While the bills would put Afghan nationals on the path to citizenship, nearly all of the legislative proposals fail to close loopholes related to immigration parole authority that would help prevent this situation from happening again. The bills also fail to address the lax vetting processes in place and fall far short in enhancing national security.
Some may argue that the legislative proposals contain adequate vetting requirements and protections to ensure terrorists and criminals don’t obtain a green card. However, they actually allow Biden’s DHS to waive multiple terrorism and criminality-related grounds of inadmissibility found in the INA. Under such language, DHS is allowed to waive almost any ground of inadmissibility it sees fit. Grounds of inadmissibility that can be waived include criminal conduct that occurred after their arrival, misrepresentation, and previous removal.
Further, the bills often don’t detail what happens in cases where there are no viable records, which will be a common occurrence with this population.
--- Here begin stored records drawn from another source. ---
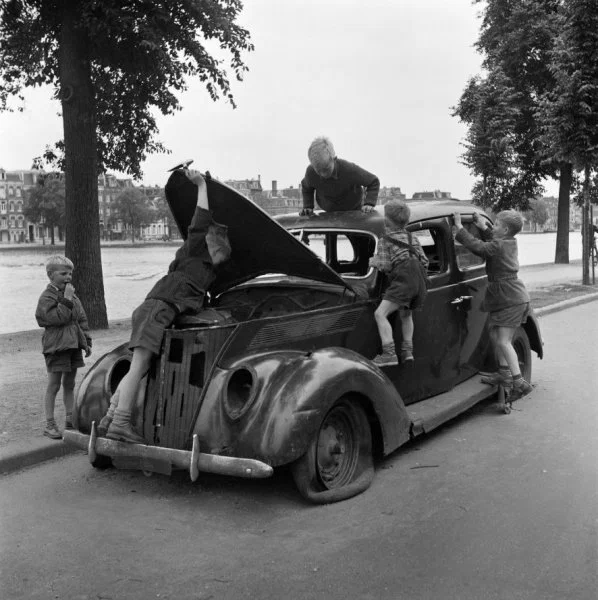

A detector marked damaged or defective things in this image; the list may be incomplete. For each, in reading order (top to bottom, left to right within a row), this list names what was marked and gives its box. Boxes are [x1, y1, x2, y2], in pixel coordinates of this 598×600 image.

abandoned old car [63, 168, 548, 502]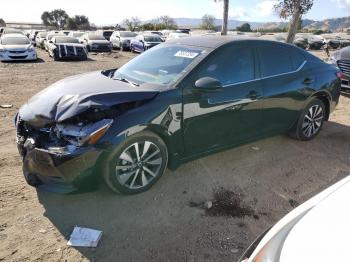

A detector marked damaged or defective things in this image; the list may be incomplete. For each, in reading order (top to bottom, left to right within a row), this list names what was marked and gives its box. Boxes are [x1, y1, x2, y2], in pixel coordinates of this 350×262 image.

cracked headlight [56, 119, 113, 147]
dented hood [19, 70, 159, 126]
damaged dark green sedan [15, 35, 340, 193]
crumpled front bumper [19, 142, 103, 193]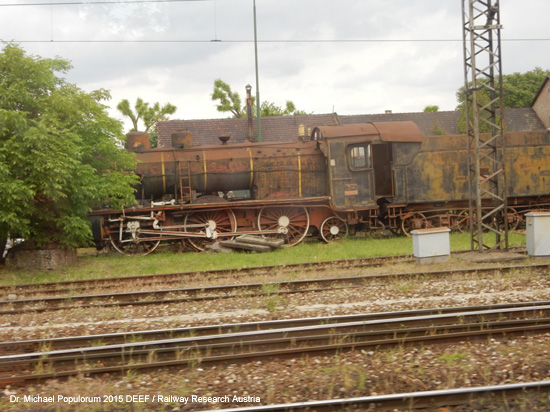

It also suggests that the American people should trust that the same Administration which conducted lax vetting on the front end to create a more thorough and rigorous process on the back end in order to check its own work. It’s difficult to imagine how this Administration, which is spinning out of control due to a border crisis and resorting to releasing millions of people into the interior of the United States, could administer an enhanced screening and vetting program for the Afghan population.
Conclusion
Not only does FAIR oppose these bills because they unfairly adjust the status of certain aliens, it opposes the legislative proposals because they do not fix the underlying abuse of parole or significantly improve the vetting process.
Because the use of parole authority was, and continues to be, grossly abused by the Biden Administration, the statute needs to be clarified so that the creation of categorical parole programs is not allowed by any one Secretary. Congress should dictate what classes, countries, and individuals are allowed admission into the United States, the duration of their stay, and whether they are allowed to work. Thus, any bill on this issue must include parole reform so that other populations are not in the same situation in the future.
Given the internal reports on vetting procedures, any bill related to Afghan nationals paroled into the country must also have strict screening and background check requirements. For the sake of national security and public safety, grounds of inadmissibility should not be waived.
Further, any bill to increase green card allocations for special populations should take into consideration overall immigration levels and statutory caps. If Congress plans to adjust their status, it should do so only by temporarily reducing levels in other areas in order to accommodate the increase in green cards being issued.